### Exercise description
This exercise calls for duplicating every entry below exactly, without the images.

[Crawled caption data]
------------------------------------------------------------------------

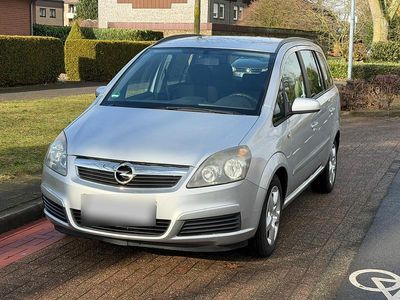 Usata Opel Zafira 105 CV (77 kW) 2007 Argento Monovolume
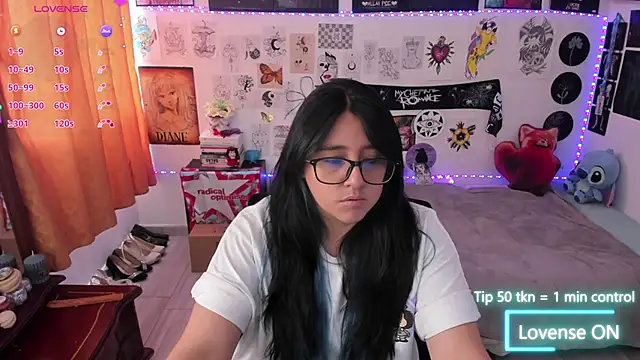 Snapshot of Cherry_blush_ chatting on May 6, 8:58 pm Cherry blush online show from May 6, 8:58 pm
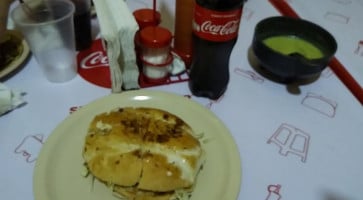 Taquería Y Cenaduría Las Chavez food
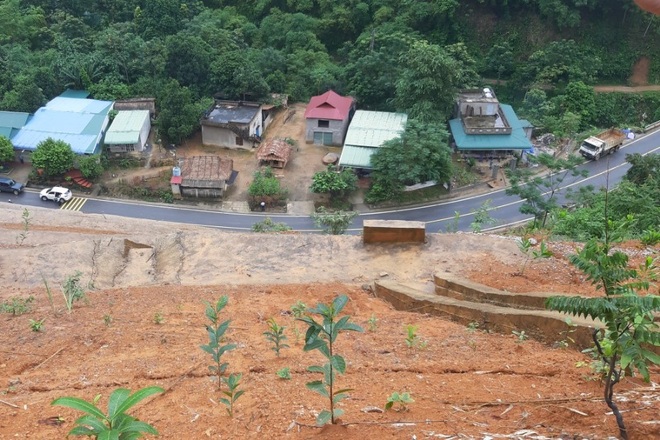 14 hộ dân phải di dời khẩn cấp vì nguy cơ sạt lở - 1 14 hộ dân phải di dời khẩn cấp vì nguy cơ sạt lở - 1
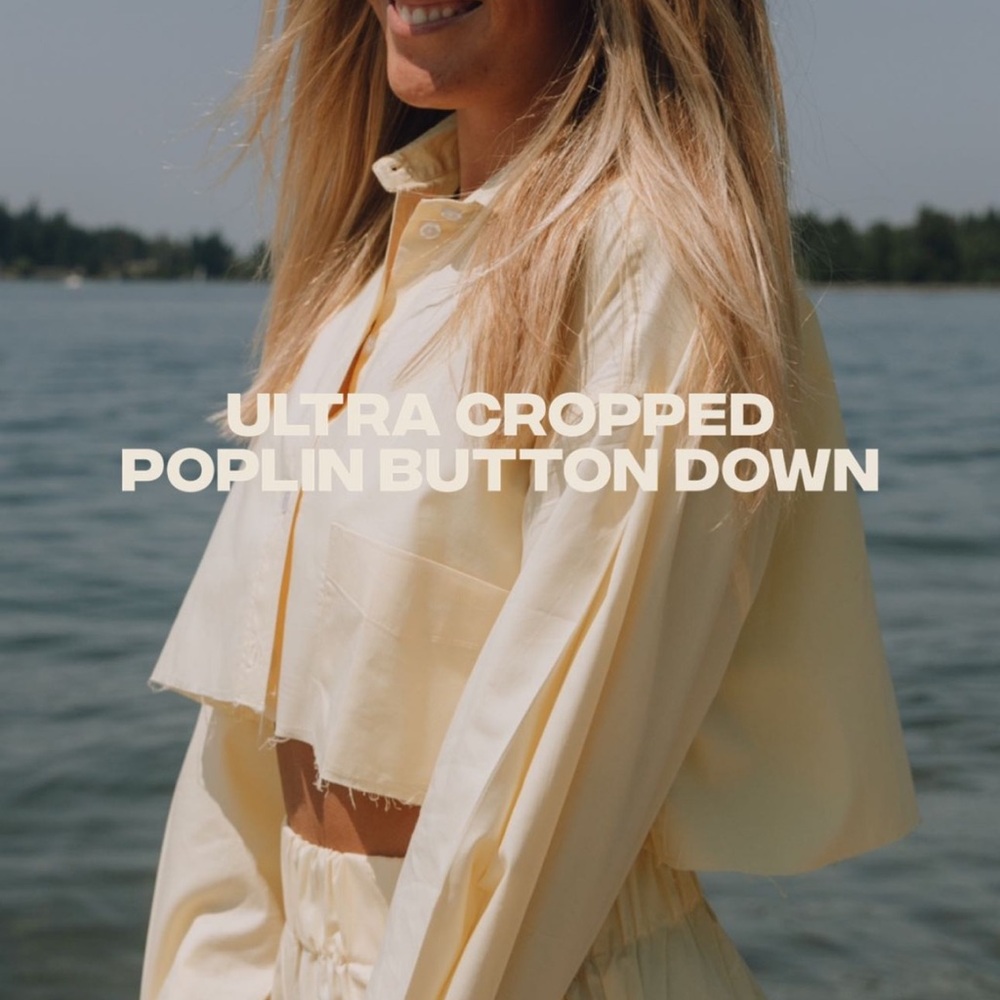 DAILY DRILS Ultra Cropped Poplin Button Down Shirt
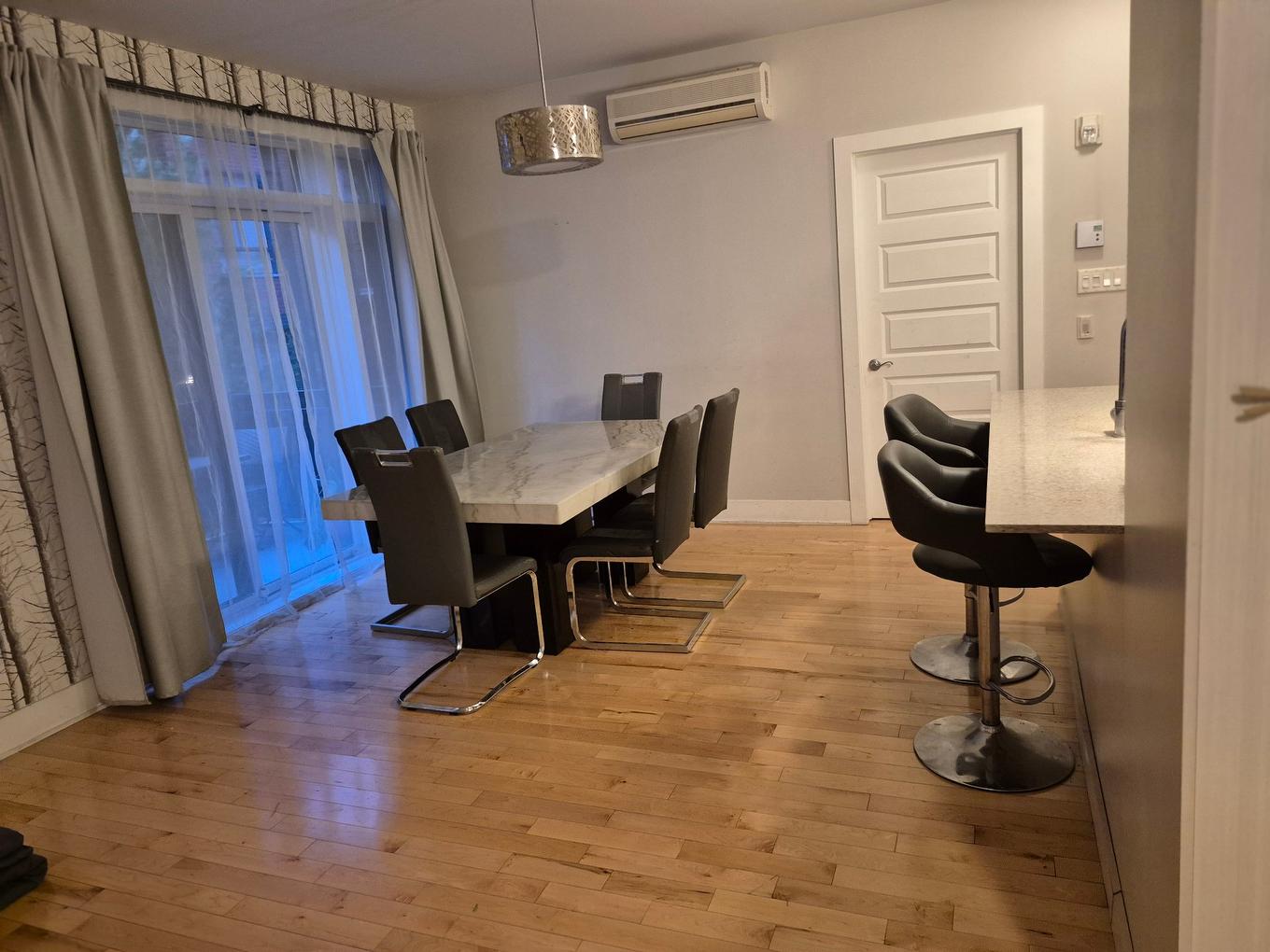 Salle à manger - 101-10294 Boul. St-Laurent, Montréal (Ahuntsic-Cartierville), QC - Indoor Photo Showing Dining Room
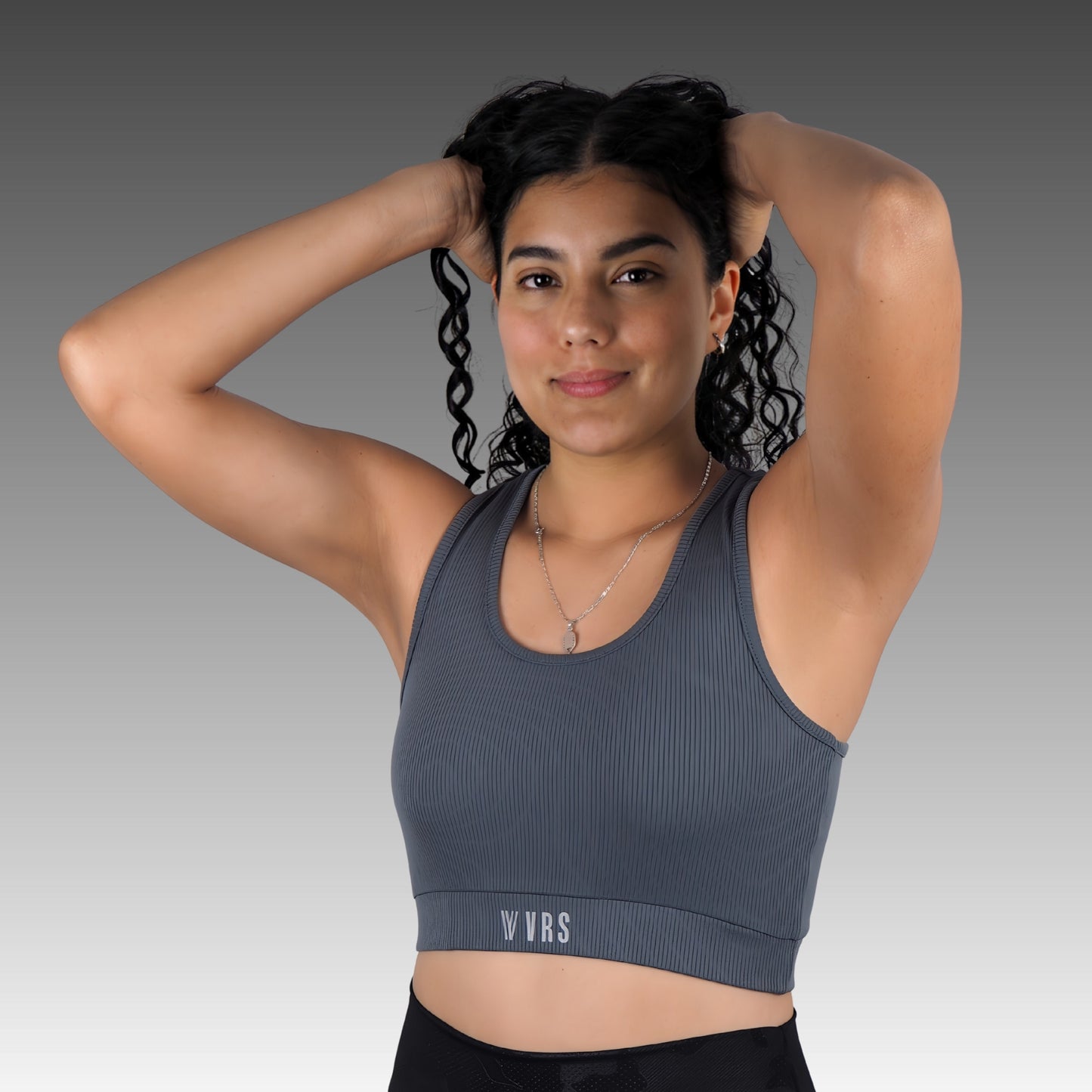 Top deportivo mujer VRS Flow gris oscuro, tejido elástico con ajuste perfecto, ideal para fitness y entrenamiento.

------------------------------------------------------------------------

### Task response
 Usata Opel Zafira 105 CV (77 kW) 2007 Argento Monovolume
 Snapshot of Cherry_blush_ chatting on May 6, 8:58 pm Cherry blush online show from May 6, 8:58 pm
 Taquería Y Cenaduría Las Chavez food
 14 hộ dân phải di dời khẩn cấp vì nguy cơ sạt lở - 1 14 hộ dân phải di dời khẩn cấp vì nguy cơ sạt lở - 1
 DAILY DRILS Ultra Cropped Poplin Button Down Shirt
 Salle à manger - 101-10294 Boul. St-Laurent, Montréal (Ahuntsic-Cartierville), QC - Indoor Photo Showing Dining Room
 Top deportivo mujer VRS Flow gris oscuro, tejido elástico con ajuste perfecto, ideal para fitness y entrenamiento.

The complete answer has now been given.